Priceonomics has launched a new offering that enables developers to crawl and analyze web pages on a large scale. The foundation of the Priceonomics Analysis Engine is a service called Fetch.
In a blog post, the company explained:
Fetch performs HTTP requests through our crawling backend. Our API comes with the built-in ability to route requests through several countries around the world, understand and obey (or disobey, at your discretion) robots.txt, set custom user agents, and normalize encoding to UTF-8 for text content. Fetch is also designed for maximum reliability and built in rate limiting, so you may find it solves a lot of the problems you’ve had on large-scale web crawling projects in the past.
Once a web page is crawled, the Priceonomics Analysis Engine analyzes the data it contains using applications that, for instance, can extract email addresses and phone numbers or retrieve information about where and how much the page has been shared on social media.
Priceonomics calls its platform a "minimum viable product" and says more advanced functionality, such as support for non-GET HTTP requests, will be exposed in the future. Additionally, Priceonomics will add new applications for more advanced data analysis.
Currently, Priceonomics is offering free access to its Analysis Engine. Developers can either use a shared API key that may produce slow results, or sign up for a private API key that is limited to 1,500 requests per day. A commercial plan for high volume users is coming soon.
The scraping economy
Data is the gold of the digital age and scraping is increasingly akin to gold mining. According to Priceonomics, "Tech companies and hedge funds pay us between $2K to $10K per month to crawl web pages, structure the information, and then deliver it to them in analyzed form. This is a pretty significant amount of money because acquiring data is a burning problem for some companies."
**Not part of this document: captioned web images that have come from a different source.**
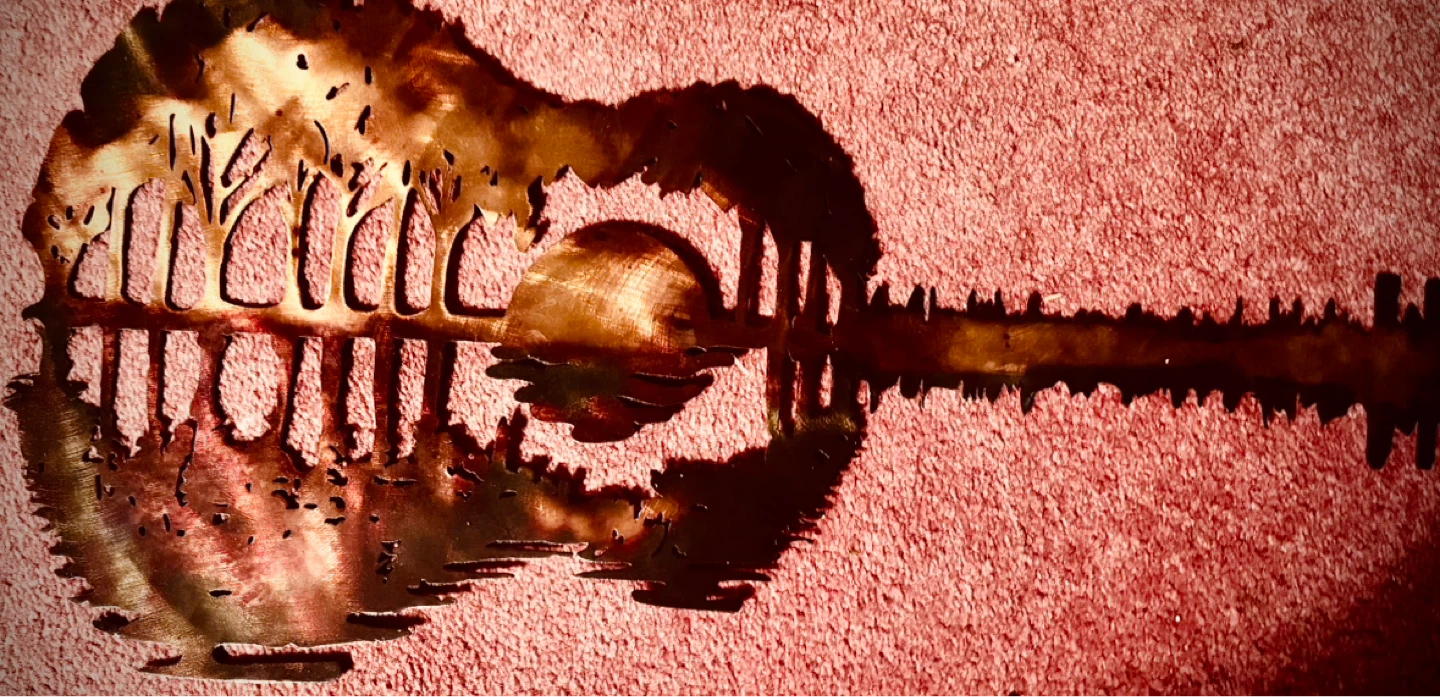 Metal Guitar Wall Art with Tree Silhouette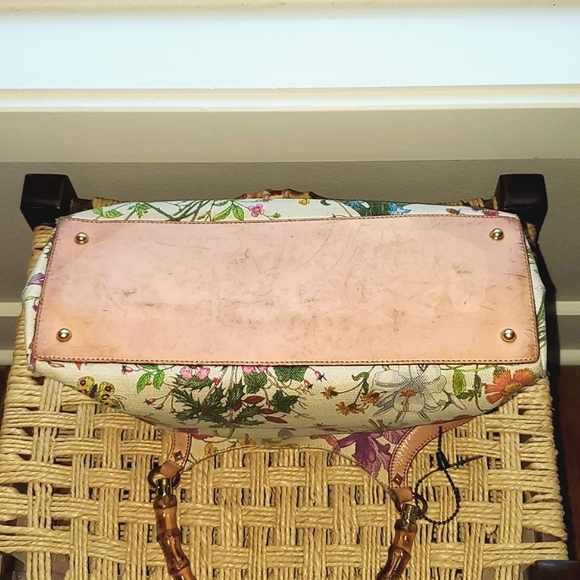 Gucci Flora Bamboo Top Handle Tote Bag (READ) - Picture 10 of 16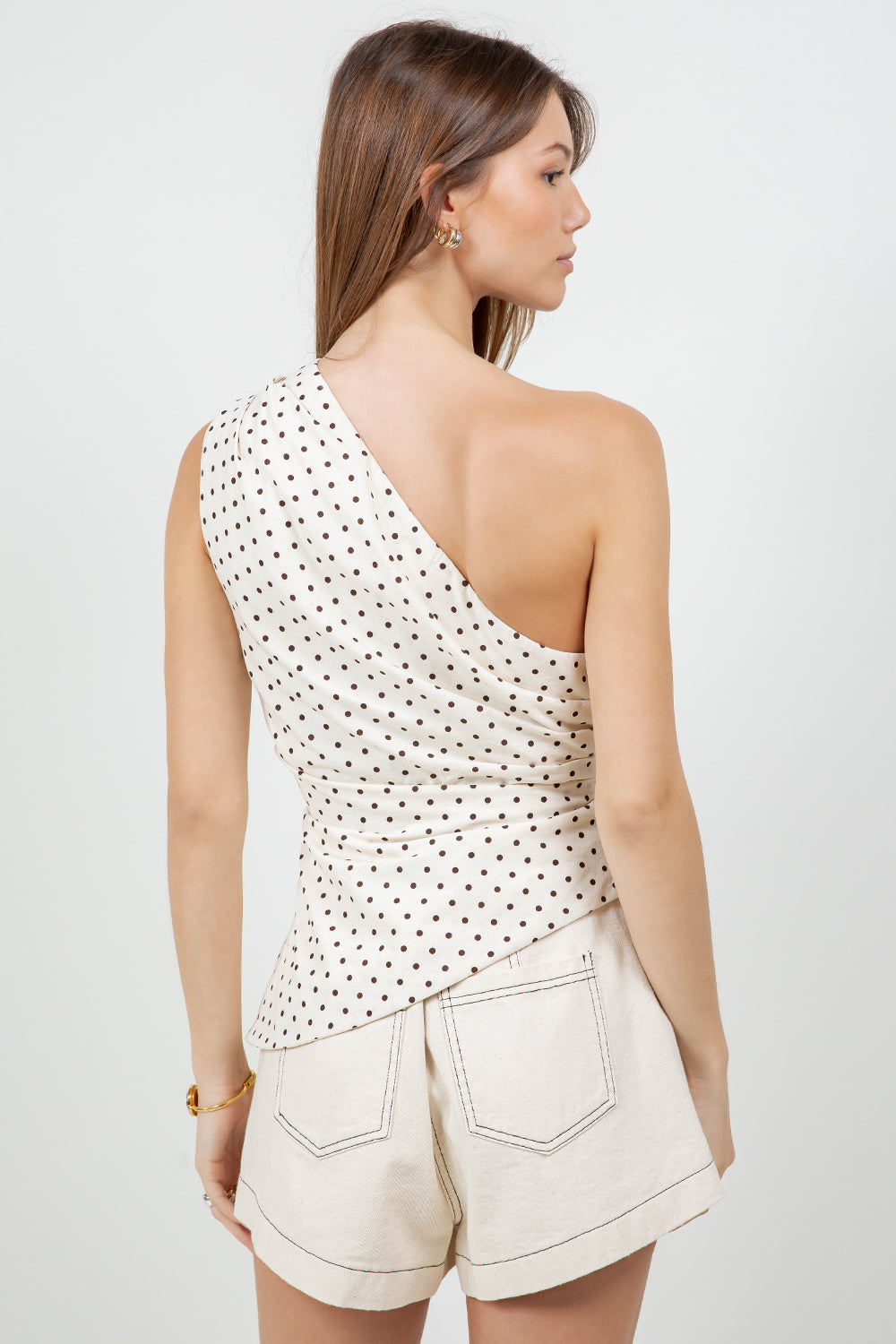 ASYMMETRICAL ONE SHOULDER POLKA DOT TOP - Whiteroom+Cactus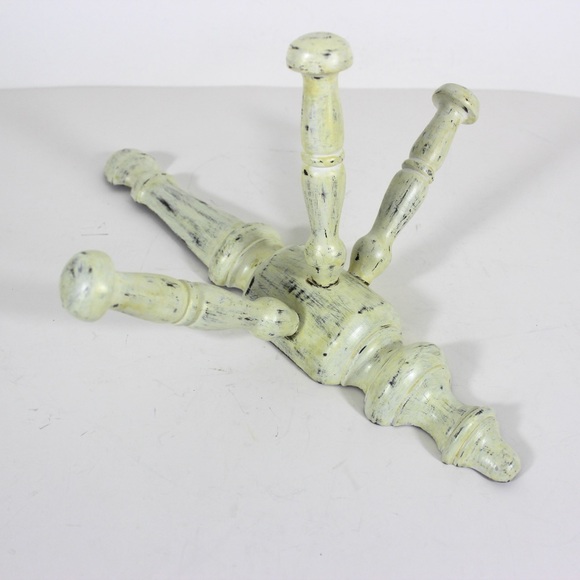 Vintage French Country Painted Wood Wall Hook Hat Rack Coat Hanger Shabby Chic - Picture 4 of 11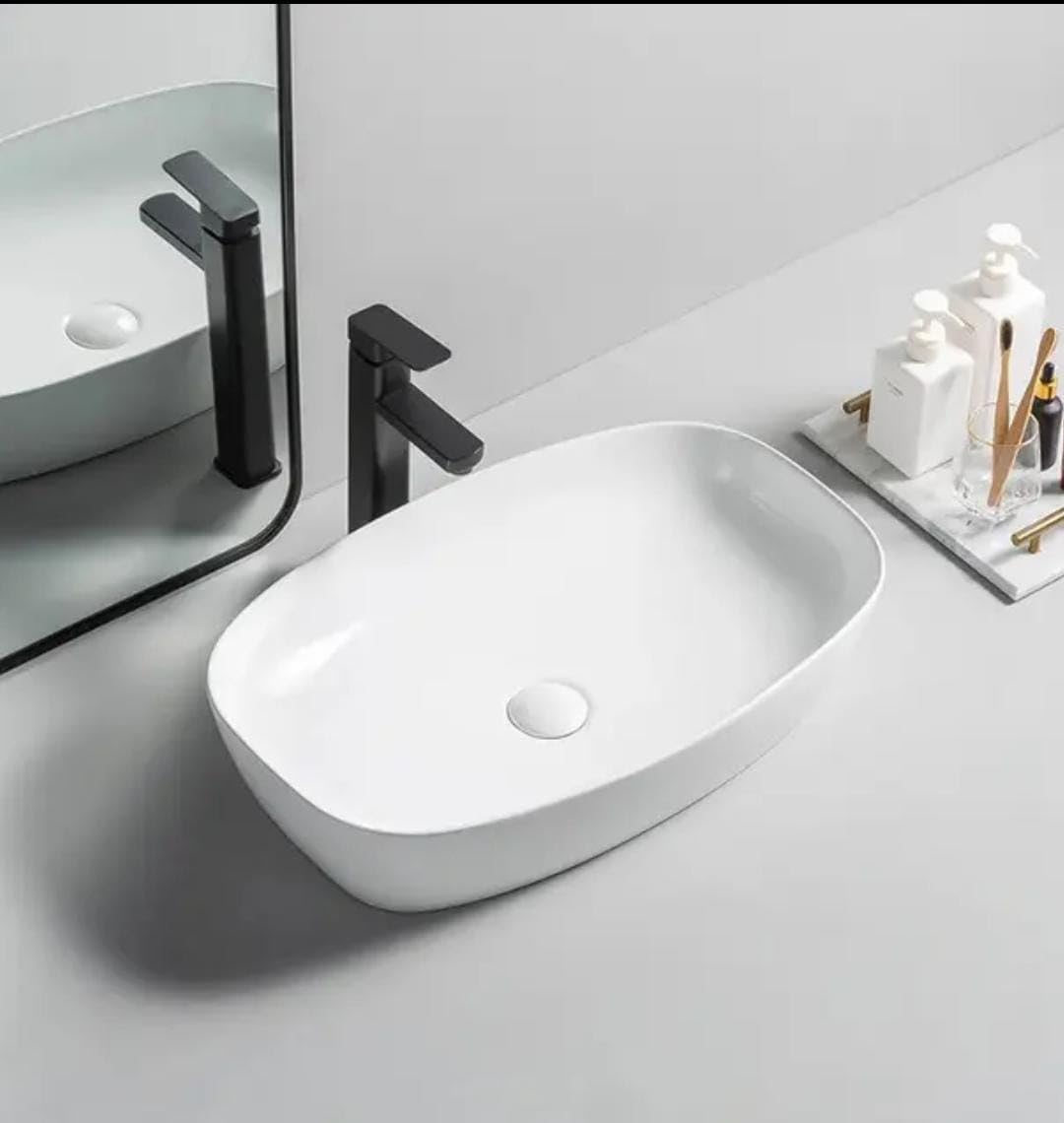 NEXIS Designer Counter Top Wash Basin | Tabletop Ceramic Bathroom Sink | Wash Basin Over Counter | Wash Basin For Bathroom, Living Room (24 x 15 x 6 Inch) (White Glossy) (B0CPVLQ57K) Amazon Price History, Amazon Price Tracker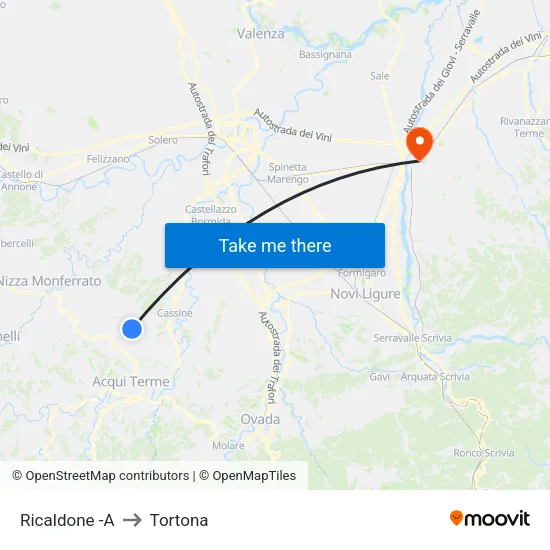 Ricaldone to Tortona map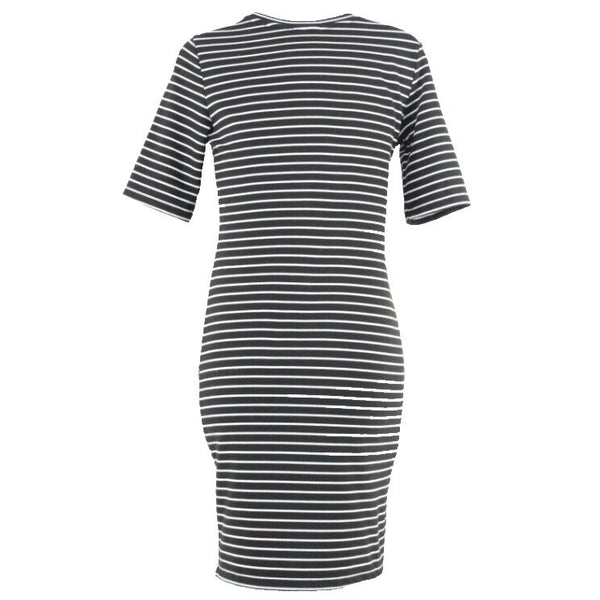 Popular Basics Sz L Black White Stripe Asymmetrical Wrap Poly Blend Dress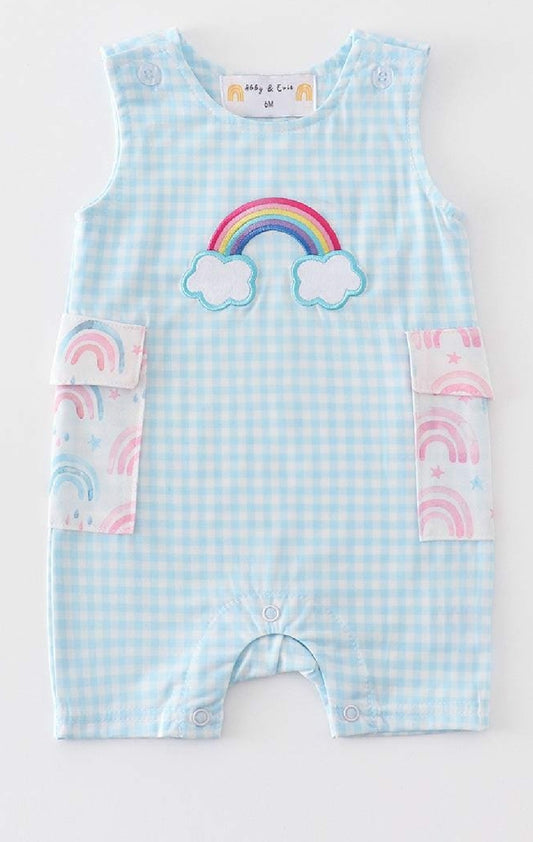 Boy's or Girl's Boutique Premium Blue Rainbow Embroidered Jon Jon Romper Matching Sibling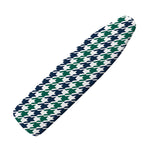 Blue Green And White Houndstooth Print Ironing Board Cover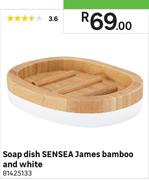 Soap Dish SENSEA James Bamboo And White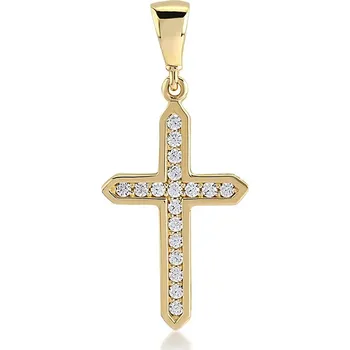 Přívěsek Lillian Vassago Zlatý křížek se zirkony LLV11-GP086Y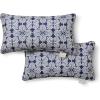 Martha Stewart Tulum Indoor Outdoor Decorative Lumbar Pillow 2-Pack Set, UV Fade Resistant, Water Repellent, Printed Modern Design, Navy Blue, 11″x18″(Navy Blue)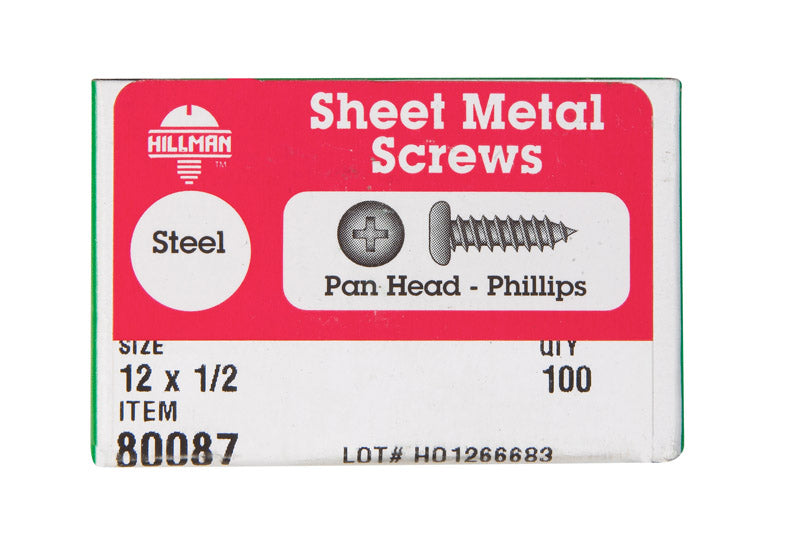 HILLMAN No. 12 X 1/2 in. L Phillips Pan Head Sheet Metal Screws 100 pk
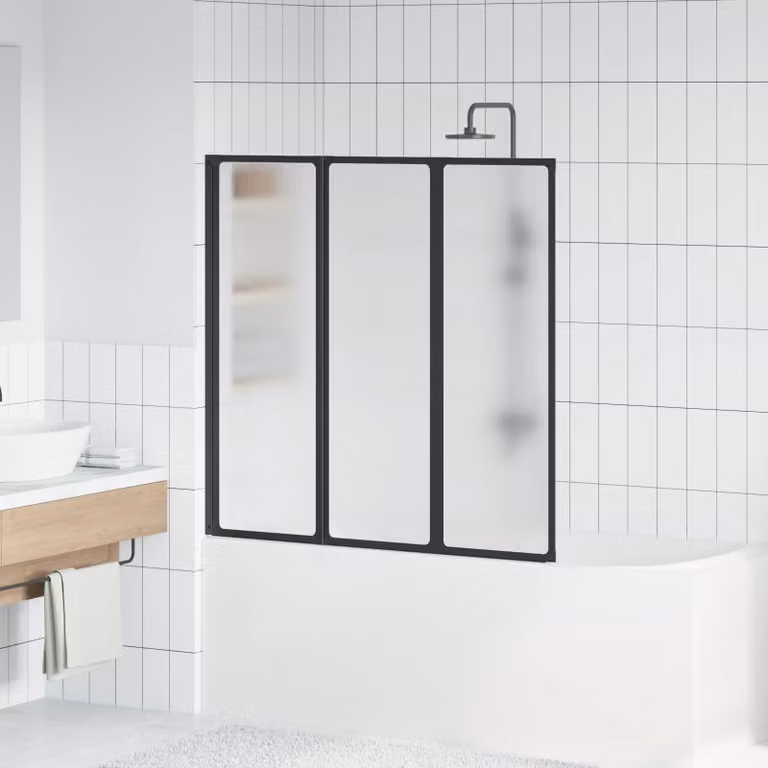 Parete doccia pieghevole vidaXL in alluminio e plastica, effetto satinato, Nero/Bianco, L: 120 cm, P: 2 cm, H: 117 cm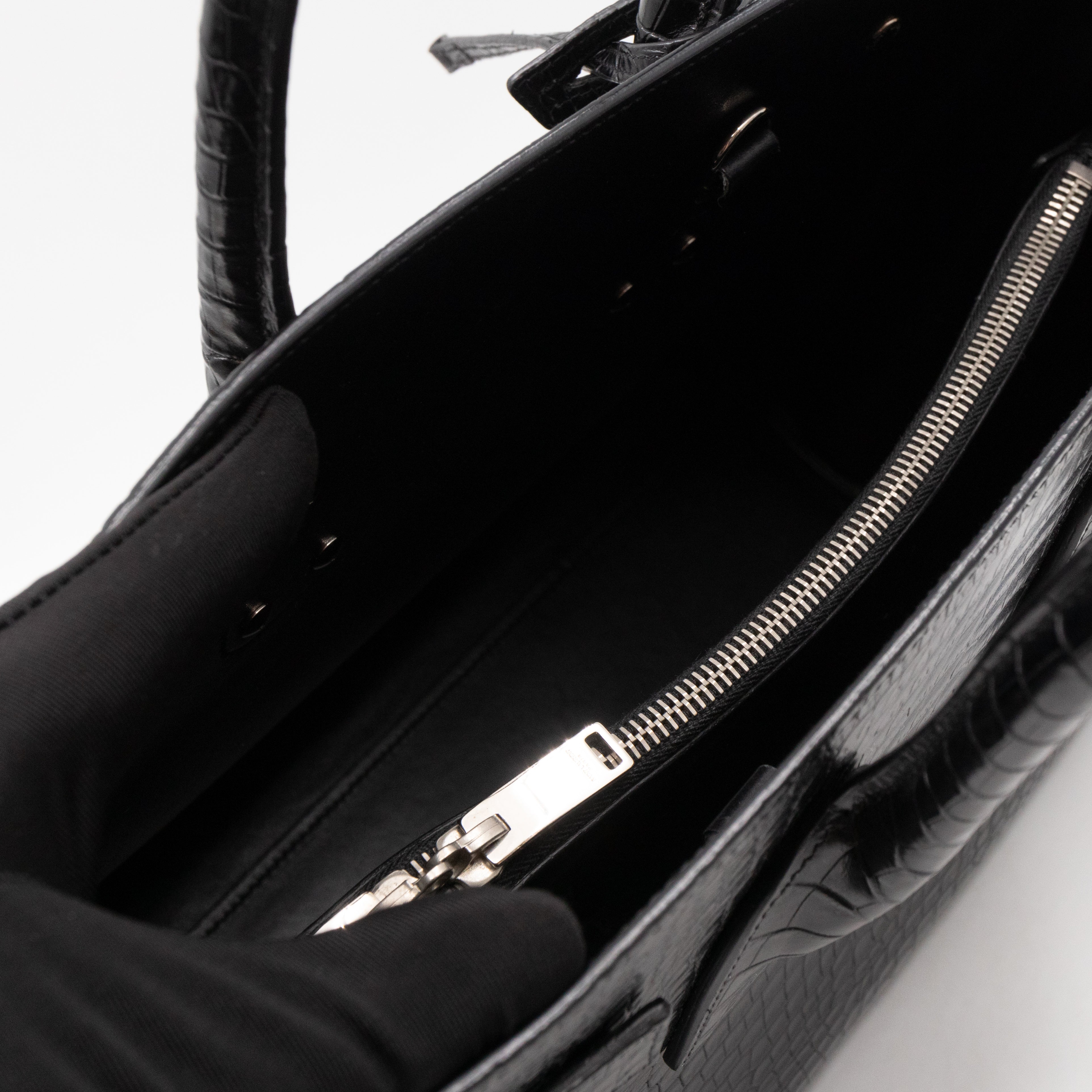 Sac de Jour Small Black Croc Embossed Leather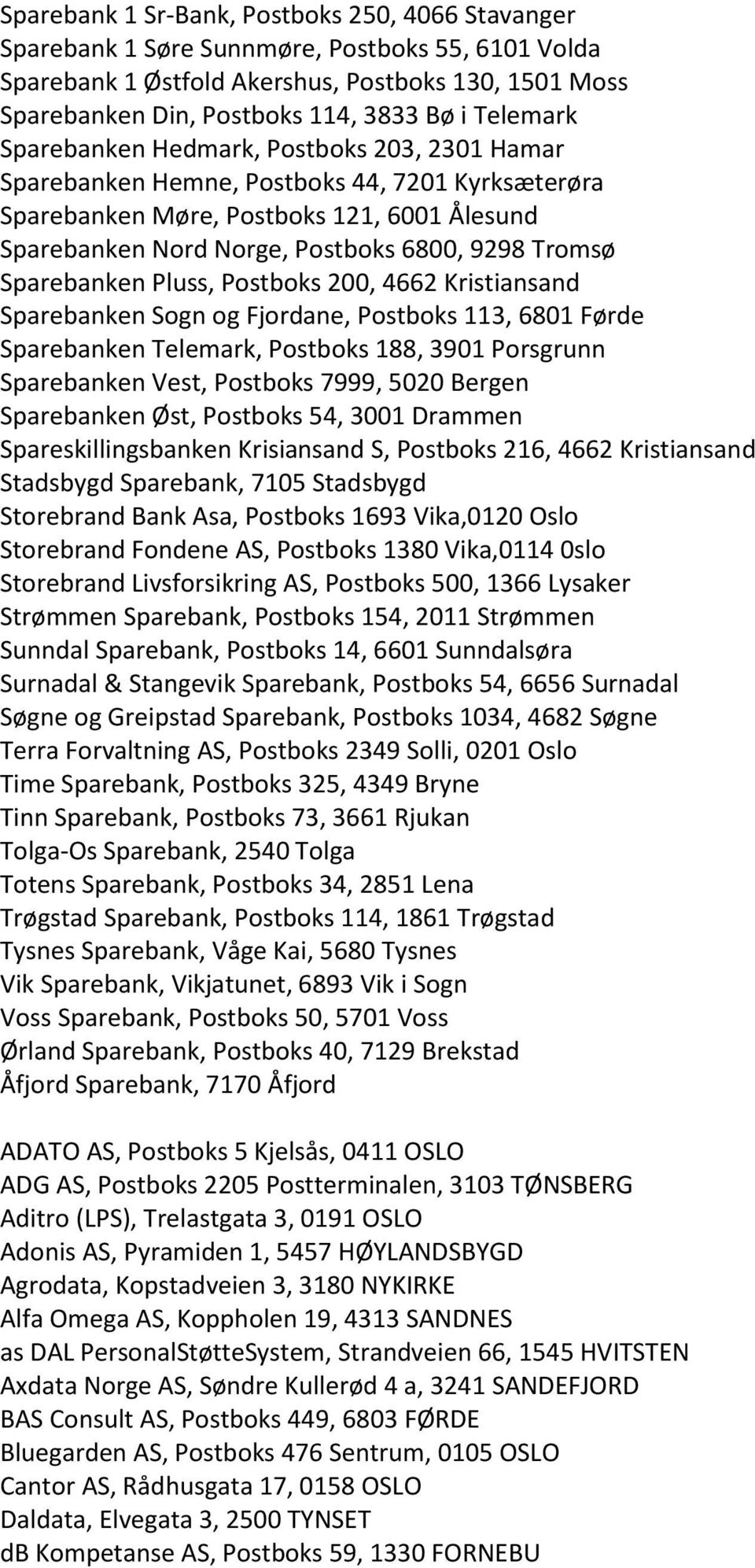 Tromsø Sparebanken Pluss, Postboks 200, 4662 Kristiansand Sparebanken Sogn og Fjordane, Postboks 113, 6801 Førde Sparebanken Telemark, Postboks 188, 3901 Porsgrunn Sparebanken Vest, Postboks 7999,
In an effort to bring its technology to a broader market, Priceonomics decided to take its technology and offer it via API.
Because data is so valuable and scraping it can be such a challenging task, a growing number of companies are hoping to build big businesses by offering self-serve tools that essentially allow anyone to turn web pages into APIs. Priceonomics is the latest to enter the self-serve space, and it will find itself competing against the likes of existing players such as Import.io and KimonoLabs.
Right now, it looks as if the market is large enough to support multiple companies but as more and more companies come face to face with the fact that their data is being scraped and incorporated into unofficial APIs, it's possible that offerings like Priceonomics' Analysis Engine will eventually have the ironic effect of encouraging companies to build official APIs that they can control and monetize.